Amazon-vpc-cni-k8s: Cannot scale new nodes with CNI version 1.5.3

Created on 25 Sep 2019 · 17Comments · Source: aws/amazon-vpc-cni-k8s

When trying to scale new nodes after creating an EKS cluster, the new nodes will not leave the NotReady state. The aws-node pod is in a CrashLoopBackOff state.
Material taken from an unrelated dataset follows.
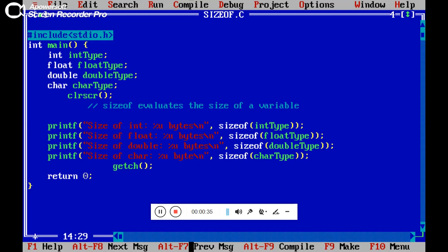So we know very well the size of integer is what? 2. So here the output of this line is what? Suppose we are entering here, we just print the command section. Output of this line is what? 2.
This seems to be from the file 10-aws.conflist not being placed on the node. It looks like the install script had a line removed that added the file, and it was then moved to main.go. The problem is that it never reaches the code to copy the file

bash-4.2# cat /host/var/log/aws-routed-eni/ipamd.log.2019-09-25-20
2019-09-25T20:01:32.800Z [INFO] Starting L-IPAMD v1.5.3  ...
2019-09-25T20:02:02.803Z [INFO] Testing communication with server
2019-09-25T20:02:32.803Z [INFO] Failed to communicate with K8S Server. Please check instance security groups or http proxy setting
2019-09-25T20:02:32.803Z [ERROR]        Failed to create client: error communicating with apiserver: Get https://172.20.0.1:443/version?timeout=32s: dial tcp 172.20.0.1:443: i/o timeout
2019-09-25T20:02:33.901Z [INFO] Starting L-IPAMD v1.5.3  ...
2019-09-25T20:03:03.903Z [INFO] Testing communication with server

I apologize but I wasn't able to dig in far enough to know why it needs the 10-aws.conflist in /etc/cni/net.d first, but that does seem to be the issue.

bug prioritP1

Source

cgkades

👍6

Most helpful comment

To expand on what @cgkades is saying...

We've found is that k8sapi.CreateKubeClient() fails with Failed to create client: error communicating with apiserver: Get https://172.20.0.1:443/version?timeout=32s: dial tcp 172.20.0.1:443: i/o timeout (https://github.com/aws/amazon-vpc-cni-k8s/blob/release-1.5.3/main.go#L47-L51).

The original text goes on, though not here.